O prodigioso mecanismo da mão humana - que tem permitido ao homem, no decorrer dos milênios, realizar não só trabalhos e construções que atendam à segurança, ao conforto, à vaidade do ser humano, mas obras de arte que têm ao próprio homem maravilhado - encontra a sua perfeição em seus dedos de tamanhos diferentes e com um dedo - o polegar - em oposição a todos os demais. Jamais ela nos proporcionaria tantos movimentos, tanta segurança para executar ações que exijam tanto força quanto extrema delicadeza se os dedos fossem todos iguais e apontados para uma mesma direção.
Para o perfeito funcionamento da mão humana nenhum dedo é considerado mais importante do que os demais. Todos são igualmente importantes e isso é facilmente constatável quando um deles é ferido, diminuído ou mesmo eliminado: ele faz falta, não importando se o maior ou o menor. É a união de todos e a importância que todos merecem que permite à mão humana ser a ferramenta por excelência do ser humano.
Analogamente, a sociedade encontraria a sua perfeição se a si mesma se permitisse a união de todos os seus membros, tratando os desiguais não como inferiores, mas como os que trariam valiosas colaborações para todos os âmbitos do conhecimento, da cultura, das artes etc.

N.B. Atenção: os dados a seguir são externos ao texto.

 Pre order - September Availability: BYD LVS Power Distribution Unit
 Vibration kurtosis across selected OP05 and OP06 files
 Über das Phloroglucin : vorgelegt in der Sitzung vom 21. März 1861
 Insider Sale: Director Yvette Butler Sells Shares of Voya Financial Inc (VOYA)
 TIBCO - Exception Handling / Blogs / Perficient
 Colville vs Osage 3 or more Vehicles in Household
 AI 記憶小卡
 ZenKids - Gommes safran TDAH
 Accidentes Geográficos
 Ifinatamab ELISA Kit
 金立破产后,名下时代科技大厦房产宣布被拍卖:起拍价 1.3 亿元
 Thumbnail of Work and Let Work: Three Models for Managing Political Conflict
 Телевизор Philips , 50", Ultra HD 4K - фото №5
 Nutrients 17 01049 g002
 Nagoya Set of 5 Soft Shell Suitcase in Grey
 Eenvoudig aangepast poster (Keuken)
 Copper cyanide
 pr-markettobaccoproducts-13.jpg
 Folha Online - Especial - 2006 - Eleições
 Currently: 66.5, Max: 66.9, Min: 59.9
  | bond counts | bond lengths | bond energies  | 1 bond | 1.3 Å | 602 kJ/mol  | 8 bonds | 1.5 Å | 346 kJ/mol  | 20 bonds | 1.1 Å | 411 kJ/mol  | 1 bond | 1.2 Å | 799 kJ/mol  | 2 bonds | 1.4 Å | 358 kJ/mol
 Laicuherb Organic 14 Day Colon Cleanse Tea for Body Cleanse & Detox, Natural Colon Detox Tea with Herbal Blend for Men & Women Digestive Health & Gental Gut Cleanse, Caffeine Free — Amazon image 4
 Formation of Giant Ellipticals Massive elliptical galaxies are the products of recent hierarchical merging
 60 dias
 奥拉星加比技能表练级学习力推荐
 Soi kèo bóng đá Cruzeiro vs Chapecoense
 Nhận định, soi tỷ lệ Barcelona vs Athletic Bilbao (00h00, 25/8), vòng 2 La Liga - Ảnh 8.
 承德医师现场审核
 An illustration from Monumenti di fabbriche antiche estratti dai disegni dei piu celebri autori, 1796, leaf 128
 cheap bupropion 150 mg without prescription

Claro que, diversamente, os preconceituosos haverão de argumentar que a eficiência da mão humana está em cada dedo ocupar o seu devido lugar. Eu responderia que, embora cada dedo ocupe, durante toda a nossa existência, o mesmo e único lugar - essas posições não são privilegiadas umas diante das outras: todas têm a mesma importância - e todos executam o mesmo trabalho. Até porque, mesmo que se quisesse, seria impossível que só usássemos o polegar o indicador e o médio para trabalhar com metais preciosos e executar requintada ourivesaria, e os dedos anular e mínimo para recolher o lixo. E, deste modo, a mim parece, a nossa própria mão mostra-nos que nenhum trabalho pode ser considerado inferior, pois, ou empregamos a mão inteira e o executamos satisfatoriamente, ou, simplesmente, ele ficará por fazer - trazendo-nos prejuízos de ordens várias.
Nas ciências também verificamos o pensamento que associa perfeição à não diversidade. Mas não é nessa direção que sempre apontou a multimilenar Natureza. A Natureza é megadiversa (ou seja, é múltipla em sua biodiversidade) - por excelência. Para quem não esteja familiarizado com o assunto, darei aqui um exemplo bem próximo de todos nós: o Brasil é internacionalmente reconhecido como país megadiverso. Em verdade, ele é o primeiro dos dezessete países assim classificados, porquanto 10 a 20% de toda a biodiversidade do mundo se encontra e terras brasileiras. A flora e a fauna da biota no Brasil está hoje estimada entre 140.000 e 190.000 espécies.
O bioma Mata Atlântica é particularmente diverso. É ele o mais importante dos 6 biomas brasileiros e um dos hotspots mais valiosos da Terra (são chamados hotspots áreas que abrigam muitas espécies que não são encontradas em nenhum outro lugar e que estão hoje ameaçadas de extinção).
Também geologicamento o Brasil é extremamente diverso.
Além disso, o Brasil contém igualmente uma diversidade sócio-cultural muito rica, com 200 povos indígenas e um grande número de comunidades locais como quilombolas, caiçaras, seringueiros, entre outros. Estes povos - considerados por muitos como primitivos, no sentido de rudimentar, pois a opinião é que não se desenvolveram ou aperfeiçoaram - na verdade, guardam, preservam um tesouro imensurável de conhecimento tradicional relativo à conservação e uso sustentável da biodiversidade.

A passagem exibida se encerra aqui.